And if one were listening for stylistic mannerisms, one would recognize the pianists one had heard before, but that's hardly identification, as one already knows the pianists one has heard before. So that would be pointless.

Dividing the world into famous and not famous is silly to start with. Famous performers can perform badly. Not famous performers can perform well. There's no way to tell the difference. All that's at work in that particular "test" is simply memory. You've heard a performer before. You recognize her quirks. Done. Not a big whoop. And certainly nothing to do with fame one way or another.

It might be probable that a famous musician only got that way by being a good performer, but being a good performer does not at all mean that that person is going to be famous.


----------



## PetrB (Feb 28, 2012)

brianvds said:


> I just knew Simkin would get everyone hot under the collar... :devil:


Bores me actually, just another sophomoric twit.


----------



## DavidA (Dec 14, 2012)

Ukko said:


> It's a pretty good testimony for Morrison's humanity. It must have been a challenge for the 'hard-hearted' to remain unaffected by the Joyce Hatto story.
> 
> Depending on the circumstances, 'gullible' and 'touchable' may be the same thing, eh?


Obviously we now have the benefit of hindsight, but the thought of a sick woman who had been at best a moderate (concert) pianist suddenly being able to produce over 100 recordings of some of the most challenging repertoire does strain credulity.
I think it proves that criticism is an exceedingly subjective realm, given excellence of technique, etc, expected today.
Of course the Joyce a Hatto story stirred us - it just happened to be mostly fiction!


----------



## science (Oct 14, 2010)

DavidA said:


> I think it proves that criticism is an exceedingly subjective realm


Did that need to be proven?

Sadly, I guess it probably did.

The world sucks.


----------



## Blake (Nov 6, 2013)

science said:


> Did that need to be proven?
> 
> Sadly, I guess it probably did.
> 
> The world sucks.


Not quite sure why, but this gave me a good laugh. Jaded, jovial sarcasm poured from this.


----------



## mtmailey (Oct 21, 2011)

Well the album may have a combo of good & bad stuff about it then.


----------



## brianvds (May 1, 2013)

some guy said:


> Care to defend this thought?


You make the point yourself:



> And what would be the point of this? What criteria would one be using? If one were listening for eptness, one would be able to distinguish a polished performance from a less well-played one, but that wouldn't necessarily identify a famous pianist from a non-famous one.

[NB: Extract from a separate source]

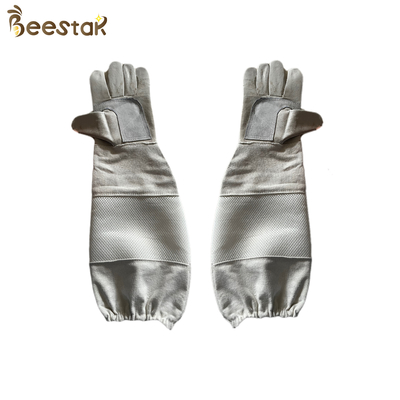 Buy Thick Canvas And Mesh Longsleeve Sheepskin Beekeeping Gloves With Breathable Layer online manufacture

So if there is no way to distinguish a famous from a non-famous pianist by the playing alone, then why are some famous and others not? Presumably, musicians get famous because they are genuinely better than others?

Simkin's whole point is that actually, it has little to do with how good you are. Musicians get famous via the Paris Hilton effect, i.e. they get famous for being famous, and once you have achieved a little fame, it becomes ever easier to use it to achieve even more.

But as I said, I think Simkin overstates his point, because listening to various recordings of a work, it will soon become clear to anyone with any ear at all that they are not genuinely all exactly equal. It is nevertheless a good idea to keep in mind that famous musicians are not necessarily all that much better, if at all, than non-famous ones.

Another point where I think Simkin misses the boat is simply that tastes tend to change over time, and what a critic likes today he might not like ten years from now. But here too, it would serve us all well to realize that music isn't rocket science, and there is much in its evaluation that is subjective.


----------



## Blake (Nov 6, 2013)

It would seem that a good critic knows how to get to the objective meat of the piece. If it's all personal opinion then it's pretty much worthless. I really don't care if a certain melody makes him think about his dog Ralfy, or if he's simply not 'in the mood' for a particular work. They should be able to sift through all this nonsense.


----------



## Ukko (Jun 4, 2010)

_brianvds_: "So if there is no way to distinguish a famous from a non-famous pianist by the playing alone, then why are some famous and others not? Presumably, musicians get famous because they are genuinely better than others?"

Musicians 'get famous' because they are heard in the right places by the right people. The 'better' thing is usually determined by adroit performance of a work that 'works' for the significant audience. To restate: Without the significant audience, fame ain't happening.


----------



## cournot (Jan 19, 2014)

No one seems to address the other point that Morrison made. Granted he was trying to rationalize two wildly different reviews but he also said that the Hatto recording was altered to sound better (presumably warmer and fuller) than the "cold" and more analytic Sony recording of Bronfman. As someone who is fascinated by recorded sound, I am firmly in the camp that says that recording and playback quality greatly affect how we perceive a performance. In fact, I think it should be obvious that great sound matters -- hence, hearing a good orchestra give a decent performance of a well-known piece live can be a thrilling experience, while one would not care to listen too often to a recording of that same concert, especially if it were captured in poor sound and played back on a car stereo. Of course, it doesn't quite remove the gross inconsistencies between his views on the same performance, but the criticism would be more damning if it were the identical performance without sonic manipulation.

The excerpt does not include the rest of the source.